- PROVIDED MATERIAL:
....................

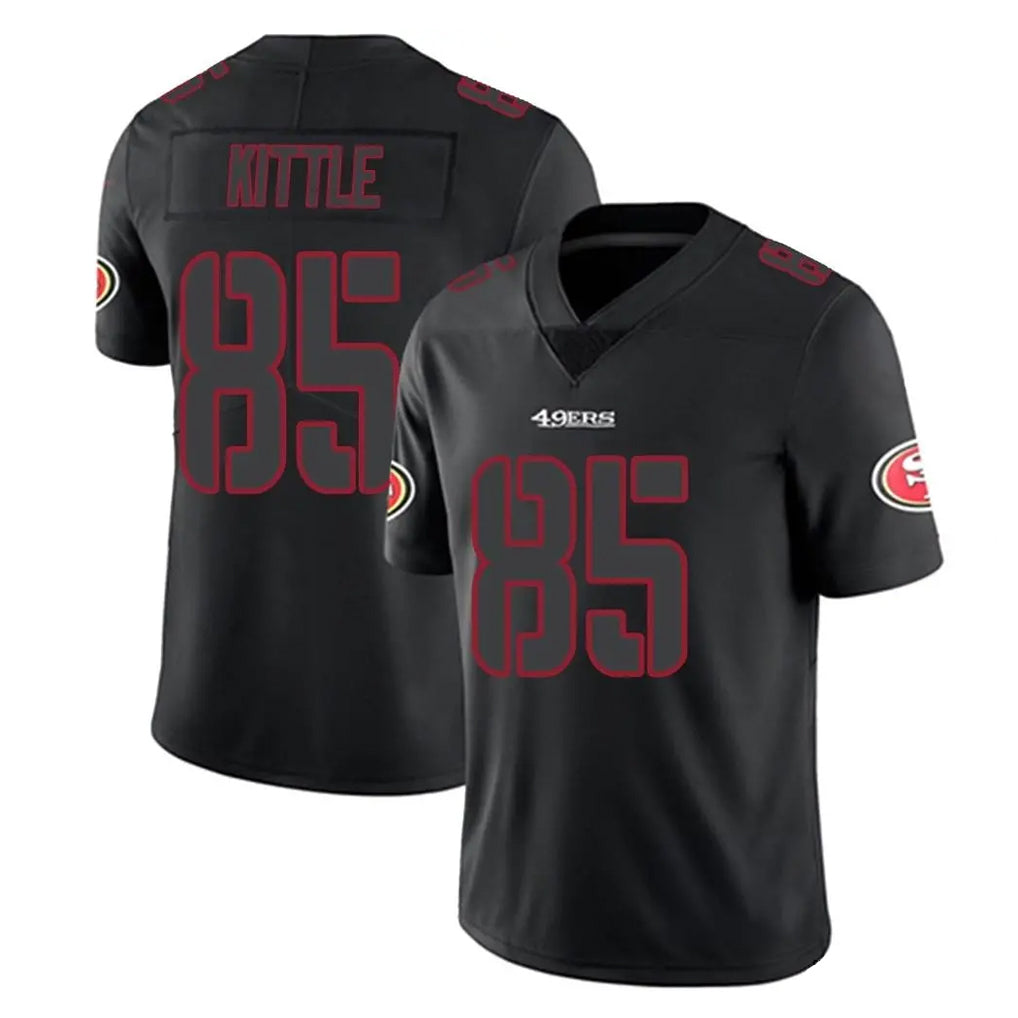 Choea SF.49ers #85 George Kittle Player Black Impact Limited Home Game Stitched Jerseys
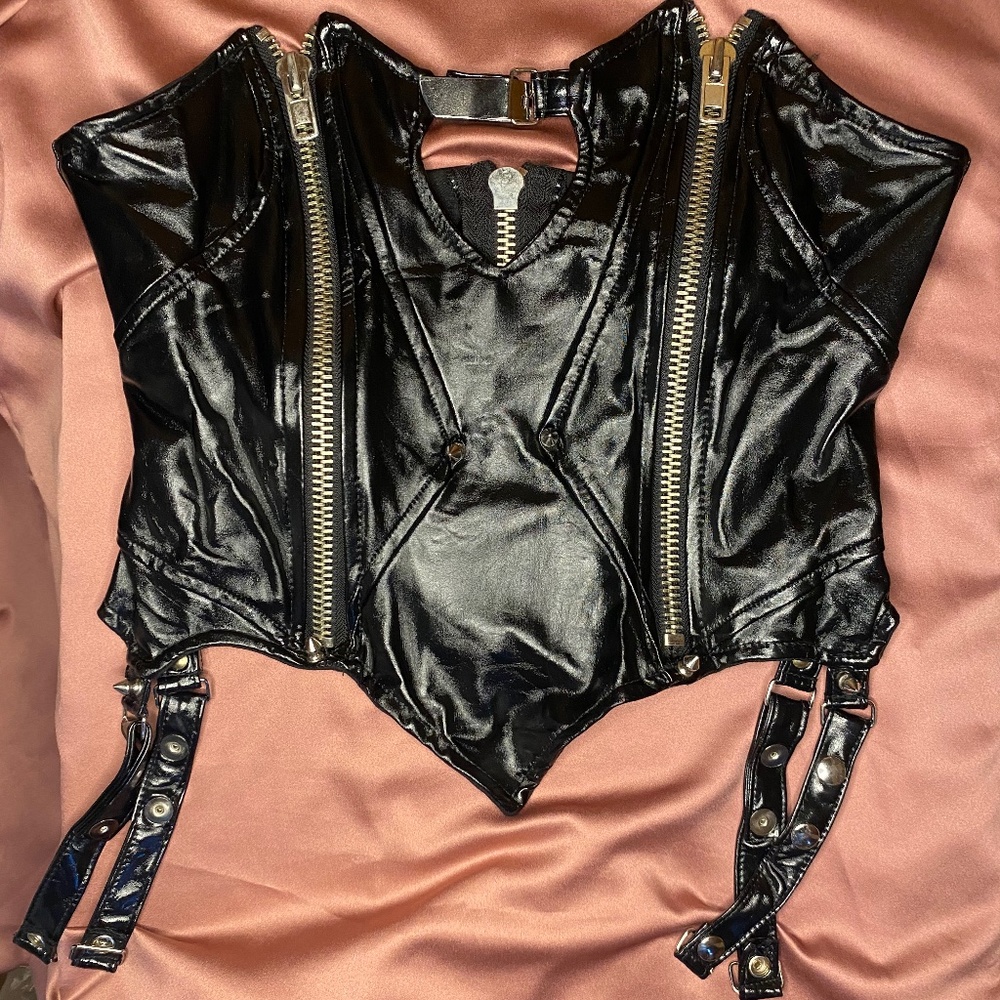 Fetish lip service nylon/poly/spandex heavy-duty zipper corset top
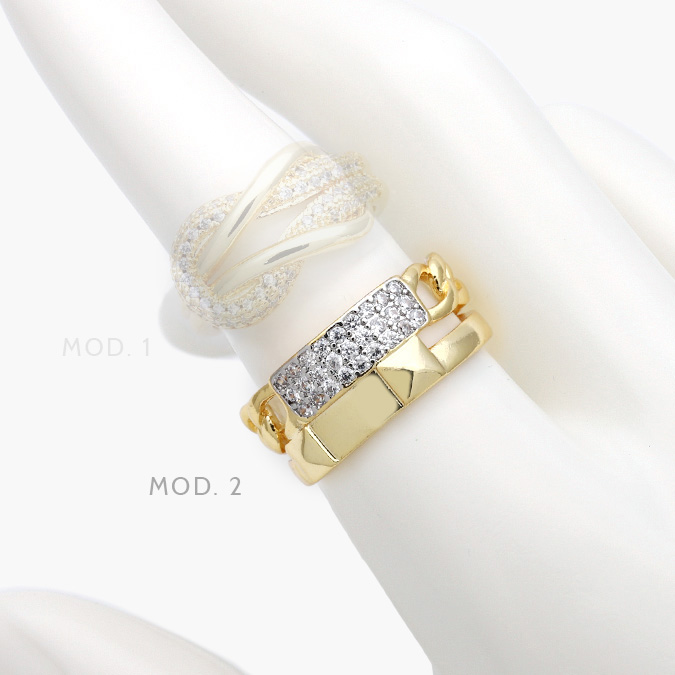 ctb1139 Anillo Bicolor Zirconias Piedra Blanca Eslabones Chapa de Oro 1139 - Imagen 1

....................

- WHAT YOU WILL DO: Drop the images; restate the listing exactly.

- OUTPUT OF THE EXERCISE:
 Choea SF.49ers #85 George Kittle Player Black Impact Limited Home Game Stitched Jerseys
 Fetish lip service nylon/poly/spandex heavy-duty zipper corset top
 ctb1139 Anillo Bicolor Zirconias Piedra Blanca Eslabones Chapa de Oro 1139 - Imagen 1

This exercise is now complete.